Small intestinal obstruction – This is where the small intestine becomes twisted (torsion) and loses blood supply to some or all of its length. If discover, diagnosed and treated quickly, the intestine can sometimes be left in place, and simply untwisted. Most commonly though, the segment of dead intestine must be removed. In older horses (particularly ponies) we see a type of obstruction that is caused by a fat cancer (lipoma) that when hanging on a pedicle (stalk) wraps around the bowel (particularly the small intestine). Sometimes we just have to cut the pedicle whilst in others we have to resect the dead bowel and join the normal bowel back together.  Whilst modern surgical techniques make this a routine procedure, there are post-operative problems which make the success rate with this type of surgery be less than 70%. The first problem is that the small intestine secretes large volumes of fluid to dissolve and digest food. This fluid dams up in front of the kinked segment of intestine prior to surgery, causing it to dilate and stretch its muscular wall. This leads to post operative paralysis of the small intestine, such that the horse cannot be fed or watered until the paralysis resolves. The second problem is that the dead intestine allows passage of bacteria and toxins across the gut wall into the general circulation.
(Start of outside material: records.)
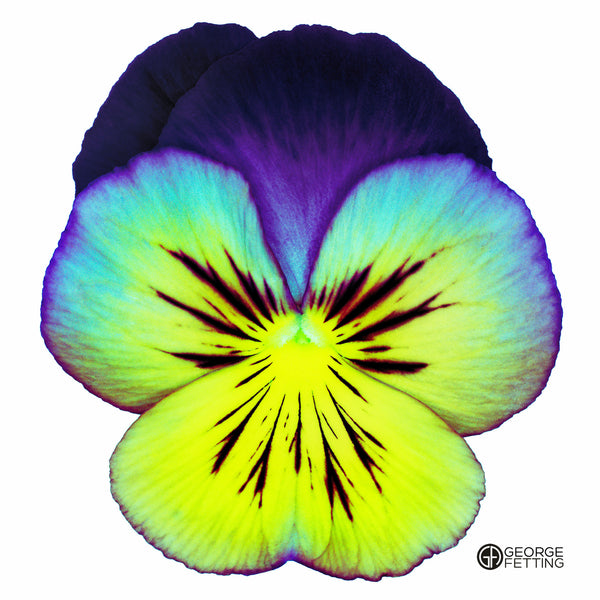 Part of the modern pansy series 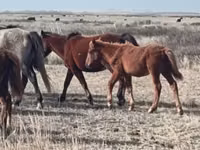 ሴት ፈረስ, Horses — ፎቶ 2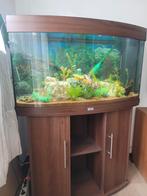 Aquarium juwel avec meuble et éclairage à led, Animaux & Accessoires, Comme neuf, Enlèvement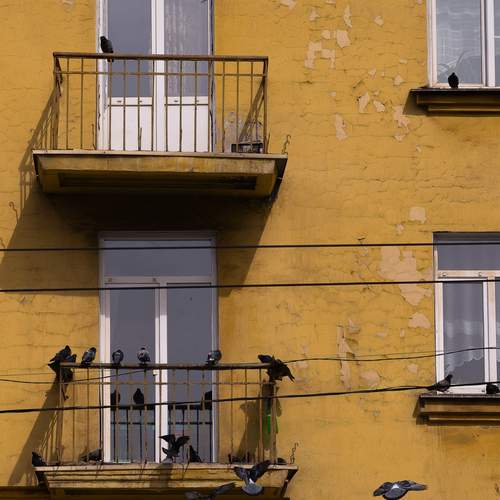 Photo #13588540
This causes many systemic effects on the cardio-vascular and digestive system which can lead to laminitis (founder), kidney failure, liver failure and a host of other problems which can lead to death of the animal many days after surgery. Whilst this can occur in any age of horse, we see it most commonly in middle-aged and older horses, making them much less successful surgical candidates than younger horses.
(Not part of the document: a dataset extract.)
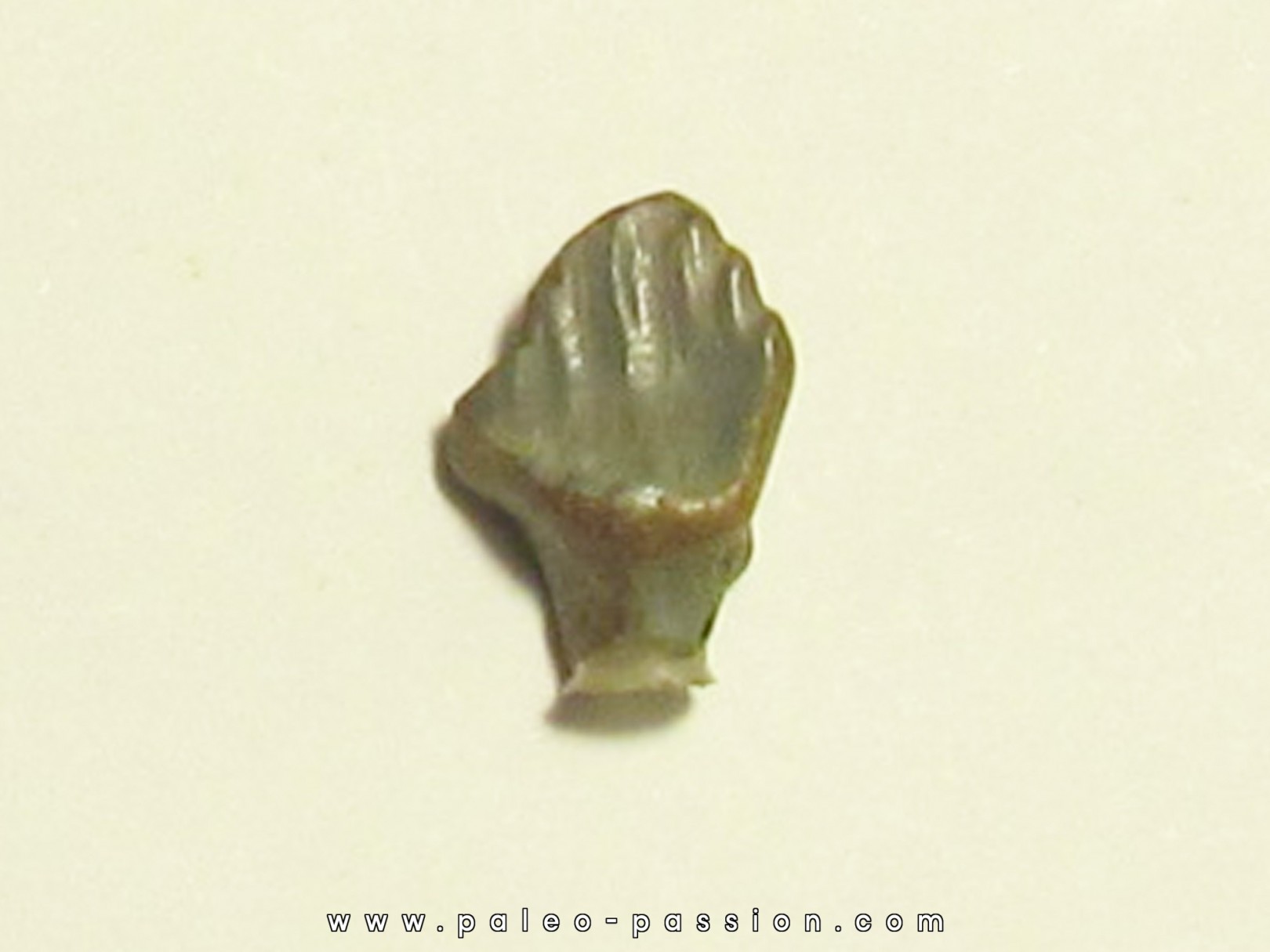 dinosaur nodosaur tooth: PANOPLOSAURUS MIRUS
Large intestinal torsion – This also causes part of the bowel to die, but since the large intestine contains billions of bacteria and their associated toxins, the effects on the horse are immediate and catastrophic. Many of these horses die before they reach the surgical table. The aftercare of these horses is prolonged and expensive, and even with the highest level of care, many will not survive. Thankfully they are relatively uncommon.